• **WHAT YOU NEED TO DO**
Nothing in the records below should be altered in the copy, although the pictures must be left out.

(Collected data entries)
"""

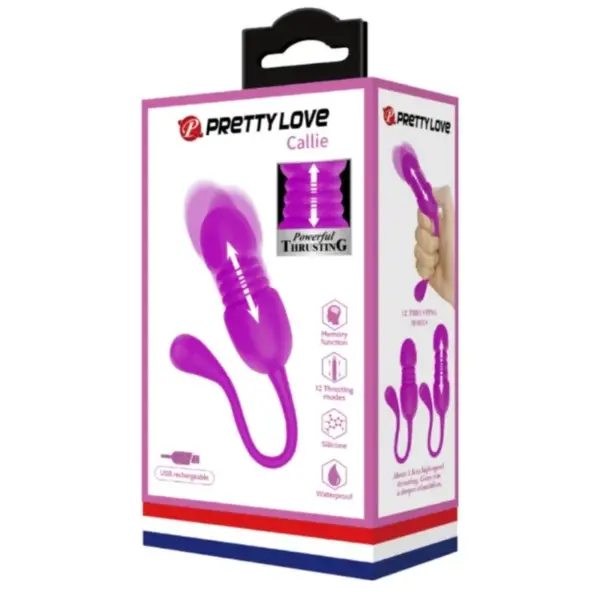 Pretty Love - Huevo vibrador recargable morado - Imagen 7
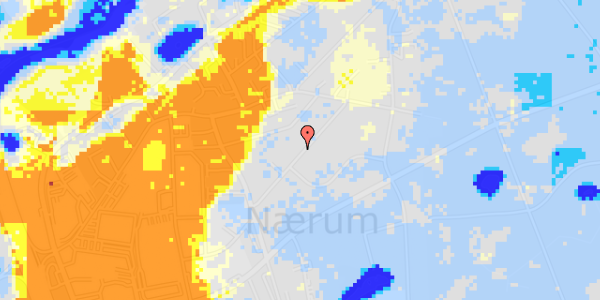 Ekstrem regn på Bystykket 12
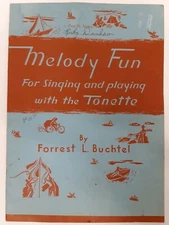 Melody Fun Book Sing Play Tonette Buchtel Student Music Vtg 60s Fingering Chart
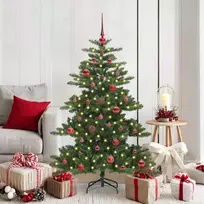 Dirbtinė Sulankstoma Kalėdų Eglutė Žalia 150 cm PVC ir Plienas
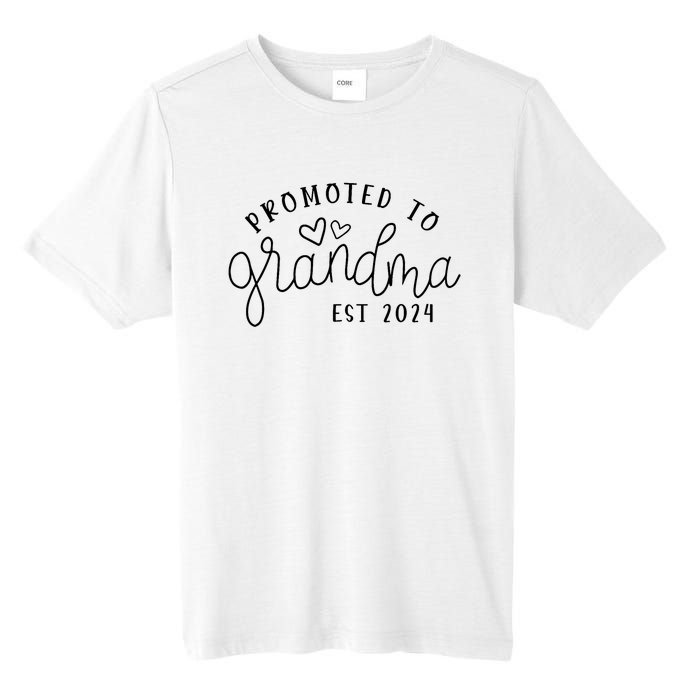 Promoted To Grandma Est 2024 New Grandma Mothers Day Tall Fusion ChromaSoft Performance T-Shirt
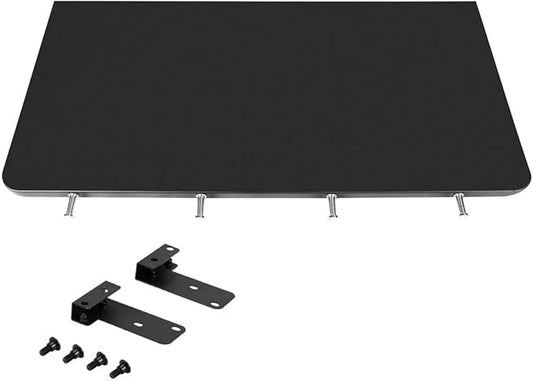 KEESHA BAC362 Folding Front Shelf for Traeger Pro 22, Pro 575, Ironwood 650, Century 22, Mesa 22, Eastwood 22 Pellet Grills, Heavy-Duty Grill Accessories Replacement for Food Prep and Storage, 25 x 12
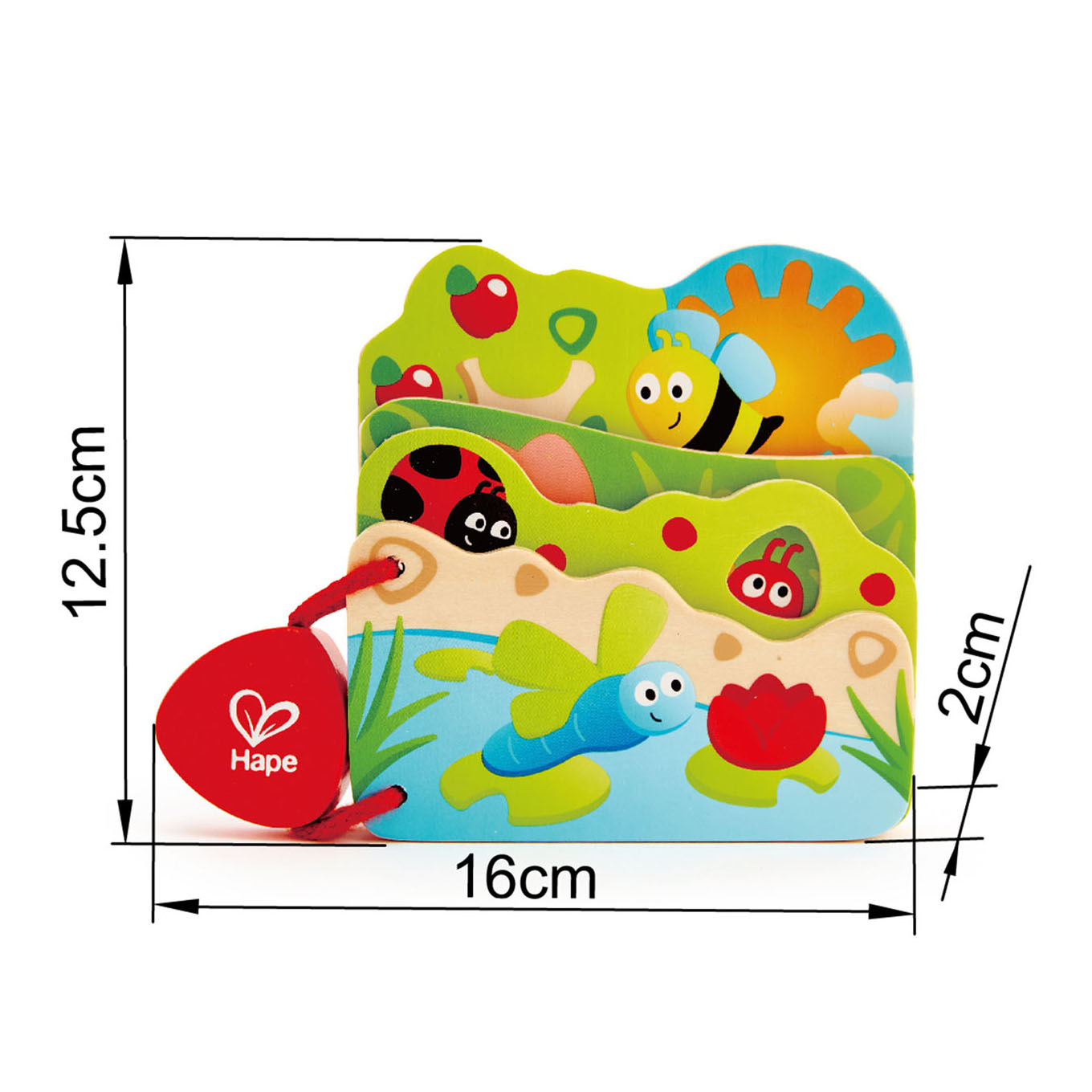 Hape Early Explorer Ξύλινο Baby's Bug Βιβλιαράκι - Main Image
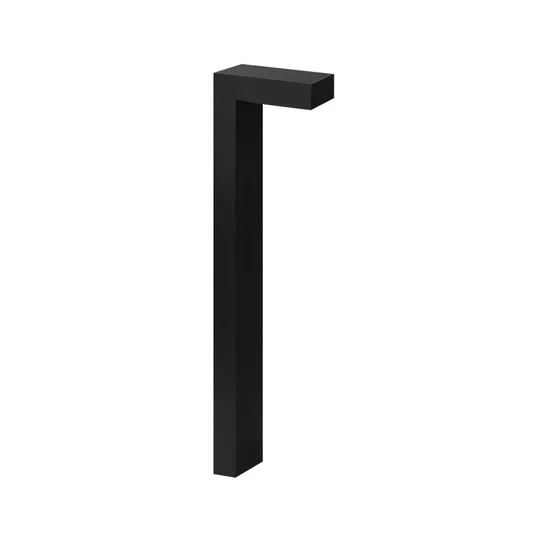 Bolardo luminoso LED asimétrico Asker, 55 cm, negro - Norlys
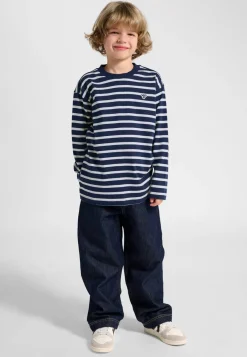 hmlJR LOOSE STRIPE T-SHIRT L/S BEE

"""

• **REPLY TO THE TASK**
 Pretty Love - Huevo vibrador recargable morado - Imagen 7
 Ekstrem regn på Bystykket 12
 Melody Fun Book Sing Play Tonette Buchtel Student Music Vtg 60s Fingering Chart
 Dirbtinė Sulankstoma Kalėdų Eglutė Žalia 150 cm PVC ir Plienas
 Promoted To Grandma Est 2024 New Grandma Mothers Day Tall Fusion ChromaSoft Performance T-Shirt
 KEESHA BAC362 Folding Front Shelf for Traeger Pro 22, Pro 575, Ironwood 650, Century 22, Mesa 22, Eastwood 22 Pellet Grills, Heavy-Duty Grill Accessories Replacement for Food Prep and Storage, 25 x 12
 Hape Early Explorer Ξύλινο Baby's Bug Βιβλιαράκι - Main Image
 Bolardo luminoso LED asimétrico Asker, 55 cm, negro - Norlys
 hmlJR LOOSE STRIPE T-SHIRT L/S BEE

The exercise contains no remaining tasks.